What distinguishes the princess cut?
The princess cut, which is also known in German as Prinzessinnenschliff, is one of the very young diamond cuts. It goes back to the London diamond cutter Arpad Nagy, who originally called his cut the "Profile Cut", but it was repeatedly referred to as the "Princess Cut", so that this name has become established. Another theory sees the origins in Basil Watermeyer's "Barion Cut". It is not possible to precisely determine who is the forefather of the Princess Cut. However, it is proven that the cut in its current form
was created by Betazel Ambar and Israel Itzkowitz in 1980. There are therefore no antique pieces of jewellery with this cut, as it is only a good 40 years old.

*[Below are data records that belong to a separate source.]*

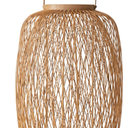 Bloomingville Decorative Bamboo Hand-Woven Lantern Candle Holder, Natural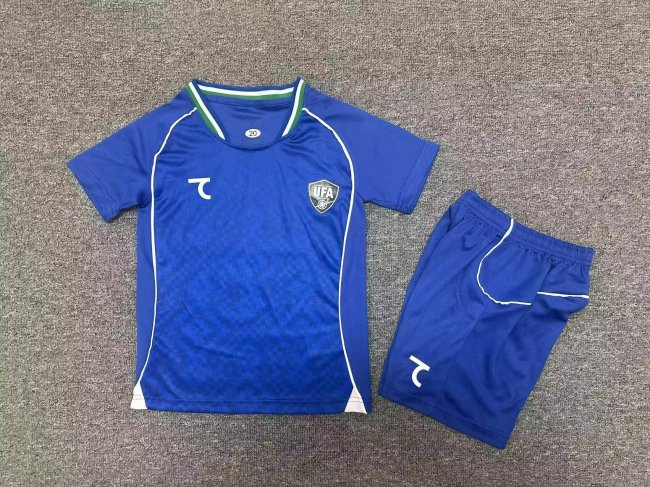 Youth Uniform Kids Kit 2026 Uzbekistan Home Soccer Jersey Shorts Child Football Set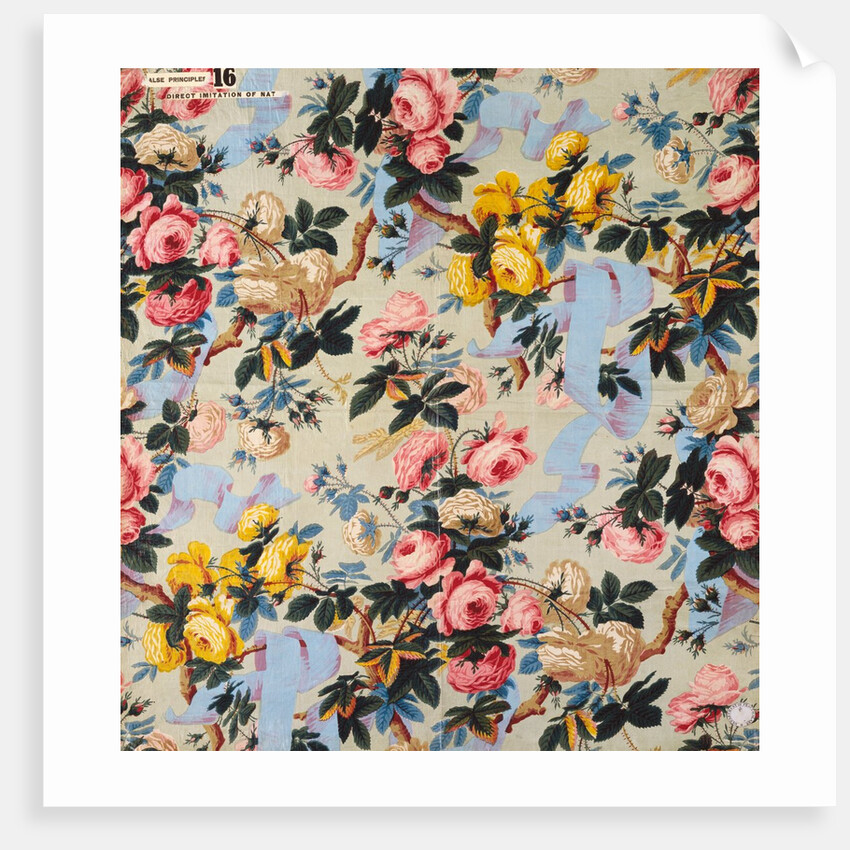 Chintz curtain. Lancashire, England, mid-19th century by Unknown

A princess diamond is cut with 58 facets and shows a great similarity to the round brilliant cut in the arrangement of the small surfaces. This is why this cut is also called "square modified brilliant" in professional circles. This is also part of the reason for the great success of this cut. It makes a diamond sparkle almost as perfectly as the round cut. Viewed from above, the princess cut is square; placed on the table, the diamond looks like a pyramid.
A very decisive advantage lies in the enormous yield of the cut. If a rough diamond is cut into a round brilliant, at least half of the material is lost. A rough diamond of 2 carats therefore results in a brilliant-cut diamond of 1 carat or less. With the princess cut the loss is much less, up to 80% of the rough diamond can be used. This makes the princess cut one of the most effective cuts of all. The rough diamond is used optimally here.